▸ **Activity**:
Retype nothing except the lines below from the one with "Unisex Garment-Dyed Tee" through the one with "Cover von Ludwig Thoma - Der Kindlein", exactly, with images left out.
-- Material supplied follows --
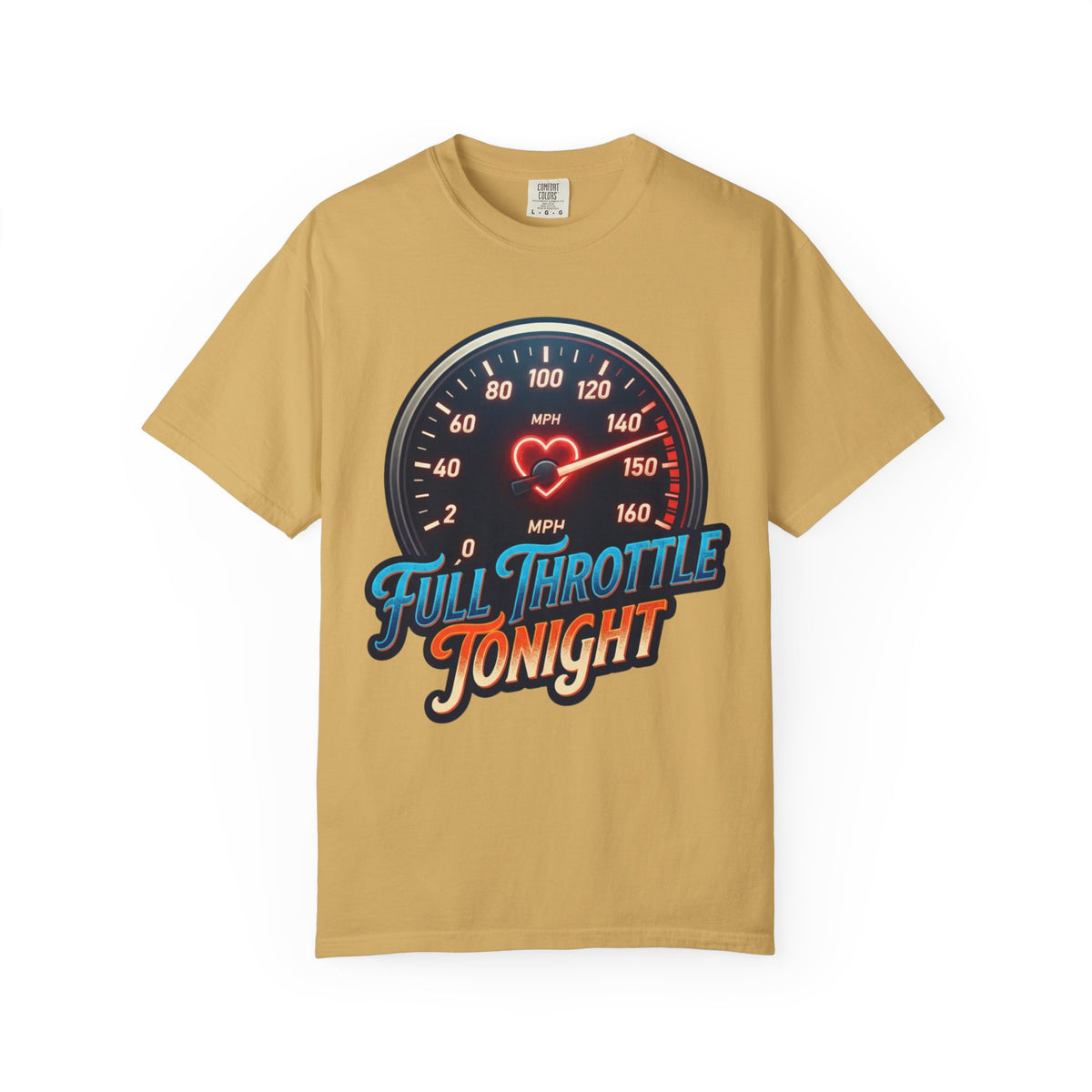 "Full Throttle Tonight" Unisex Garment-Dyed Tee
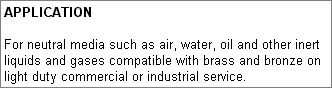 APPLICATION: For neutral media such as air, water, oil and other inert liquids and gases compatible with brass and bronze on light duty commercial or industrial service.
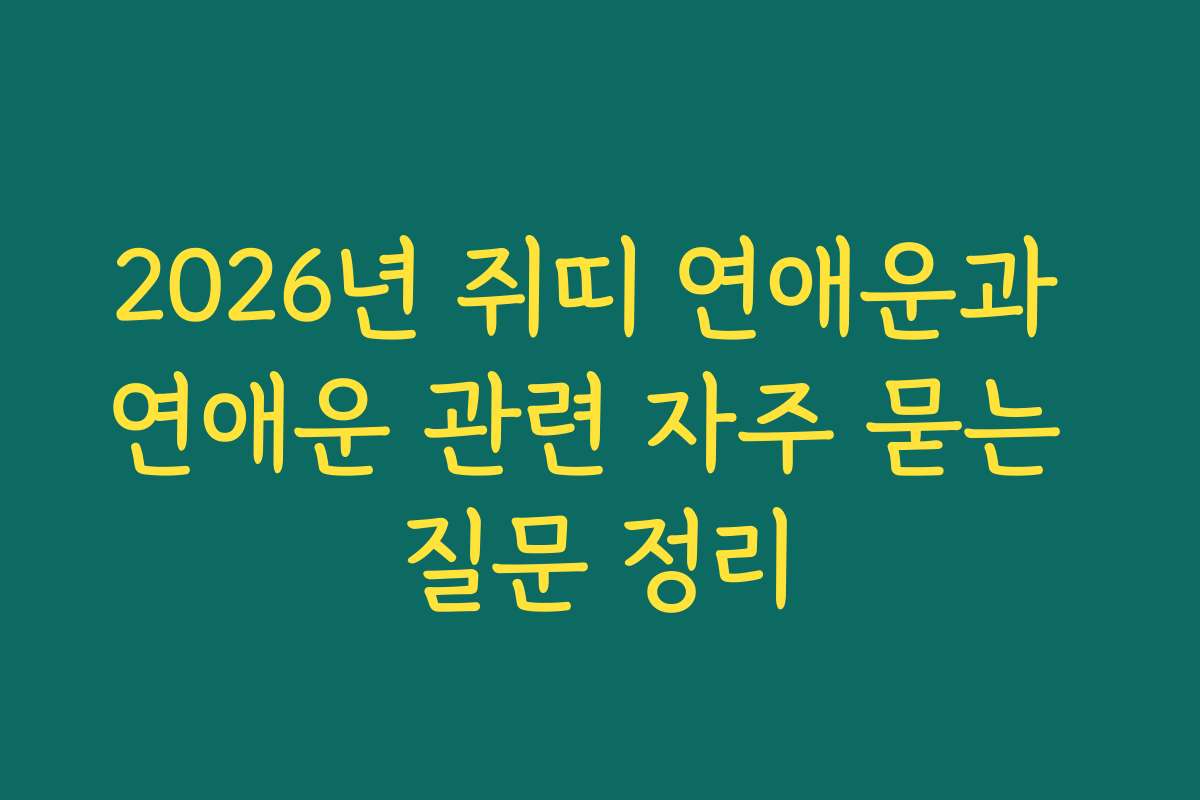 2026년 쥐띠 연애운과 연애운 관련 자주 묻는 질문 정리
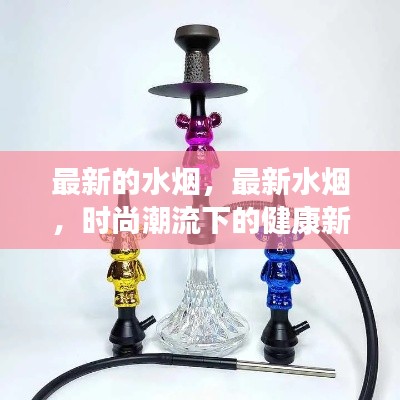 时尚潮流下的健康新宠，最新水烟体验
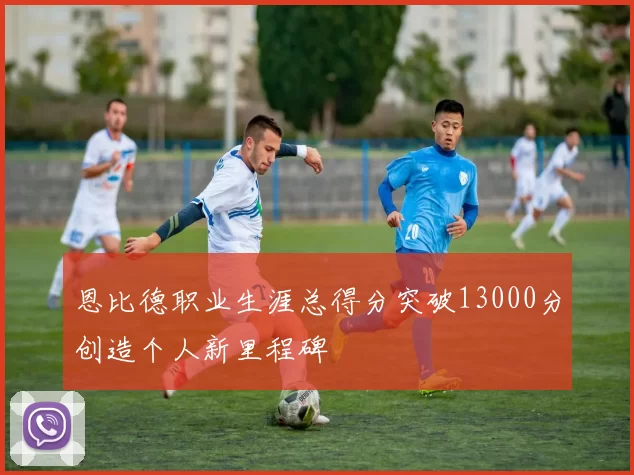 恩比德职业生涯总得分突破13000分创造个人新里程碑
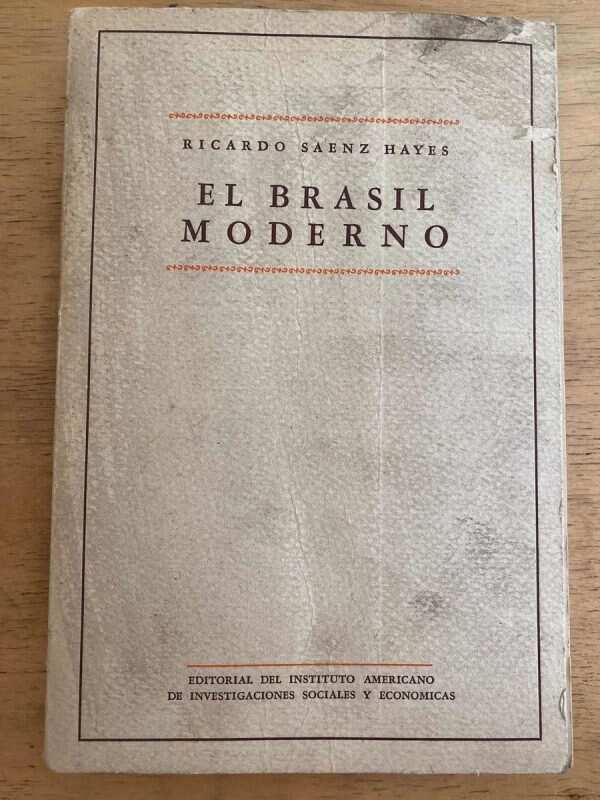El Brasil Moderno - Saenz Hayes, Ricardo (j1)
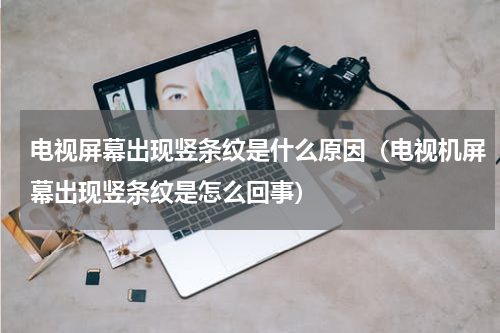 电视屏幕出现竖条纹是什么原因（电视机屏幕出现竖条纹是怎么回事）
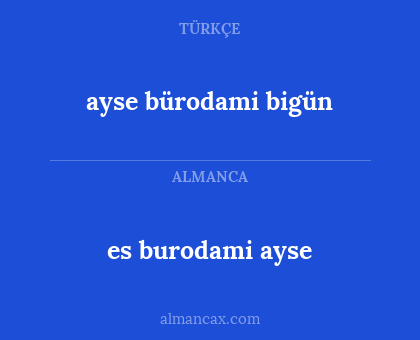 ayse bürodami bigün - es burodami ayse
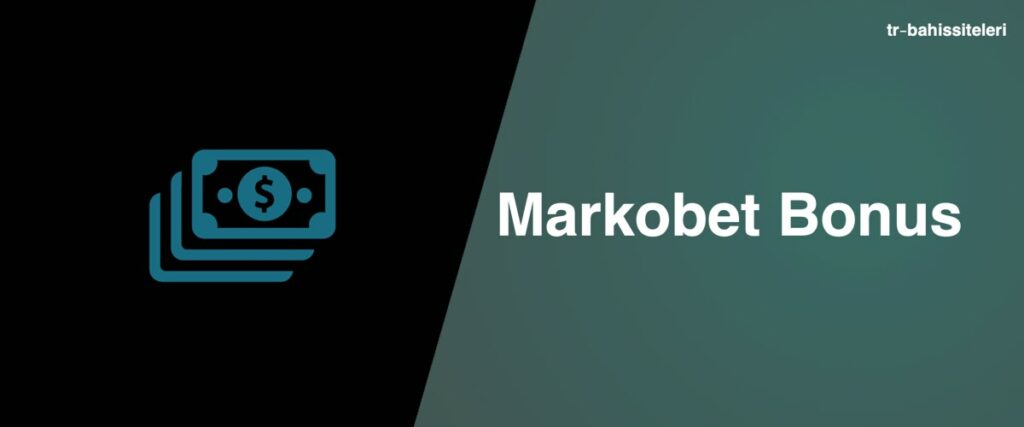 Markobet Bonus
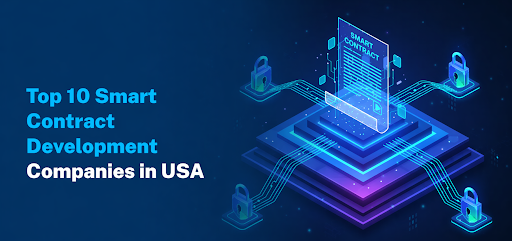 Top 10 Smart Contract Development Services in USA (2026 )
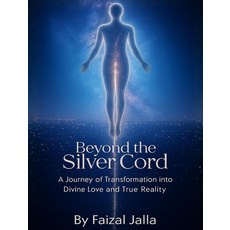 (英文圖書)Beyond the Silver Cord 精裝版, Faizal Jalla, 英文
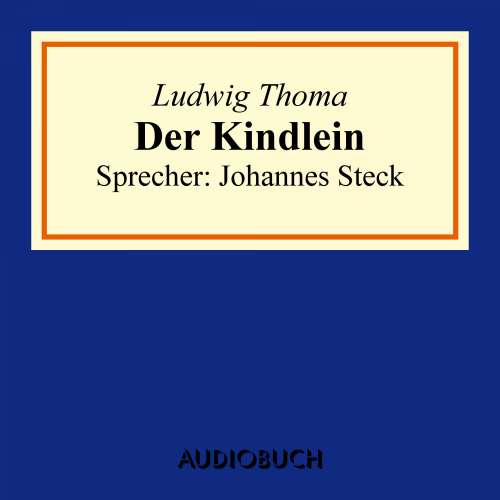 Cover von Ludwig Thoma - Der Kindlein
-- Material supplied concluded --
-- Material supplied follows --
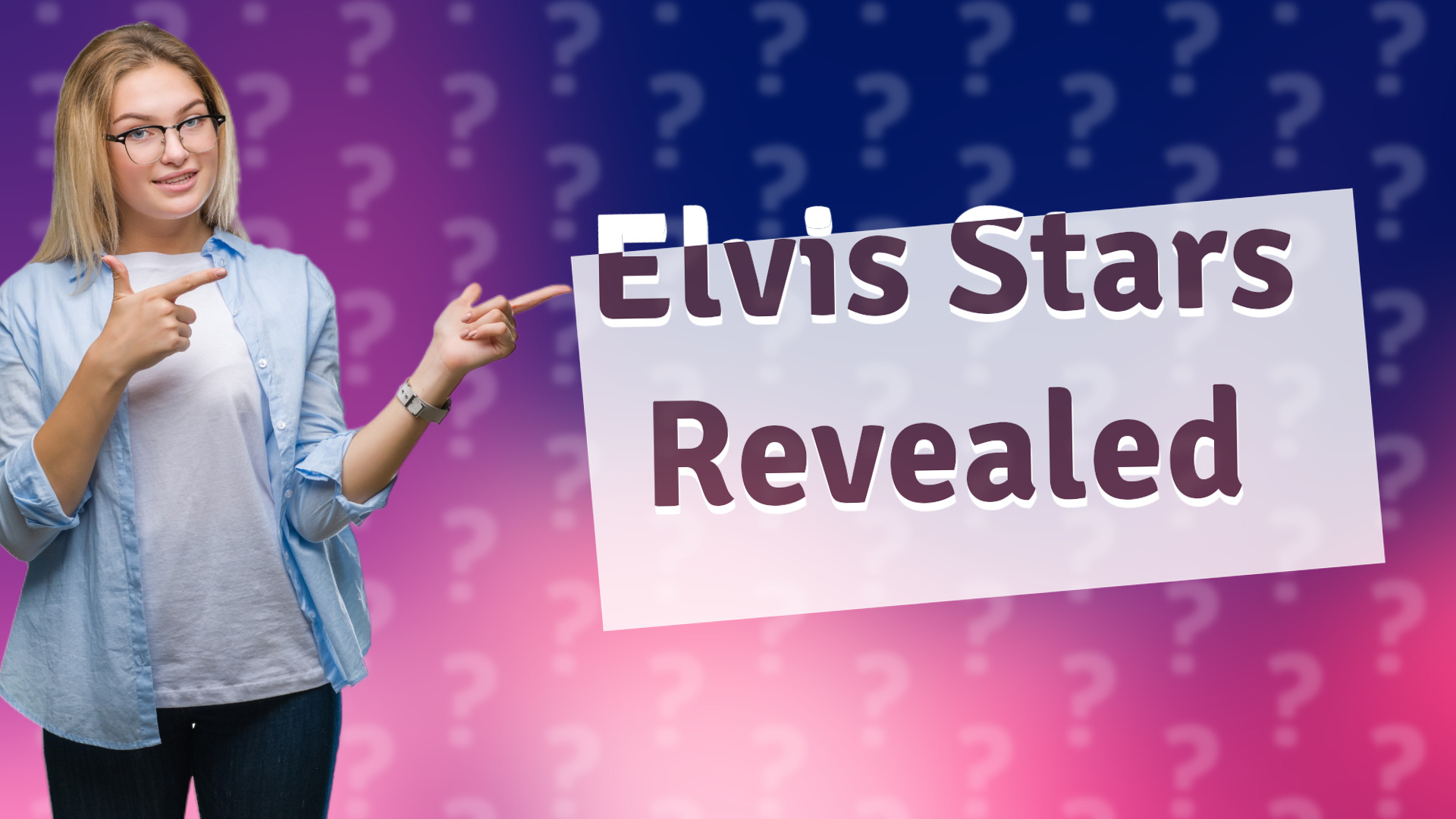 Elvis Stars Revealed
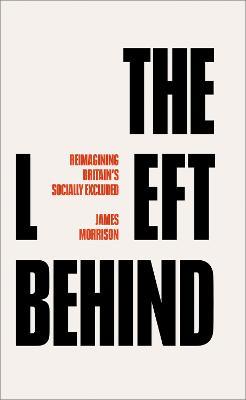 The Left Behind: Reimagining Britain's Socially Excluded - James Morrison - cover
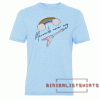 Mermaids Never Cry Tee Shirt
-- Material supplied concluded --
▸ **Solution to this exercise**:
 "Full Throttle Tonight" Unisex Garment-Dyed Tee
 APPLICATION: For neutral media such as air, water, oil and other inert liquids and gases compatible with brass and bronze on light duty commercial or industrial service.
 2026년 쥐띠 연애운과 연애운 관련 자주 묻는 질문 정리
 时尚潮流下的健康新宠，最新水烟体验
 恩比德职业生涯总得分突破13000分创造个人新里程碑
El Brasil Moderno - Saenz Hayes, Ricardo (j1)
 电视屏幕出现竖条纹是什么原因（电视机屏幕出现竖条纹是怎么回事）
 ayse bürodami bigün - es burodami ayse
 Markobet Bonus
 Top 10 Smart Contract Development Services in USA (2026 )
 (英文圖書)Beyond the Silver Cord 精裝版, Faizal Jalla, 英文
 Cover von Ludwig Thoma - Der Kindlein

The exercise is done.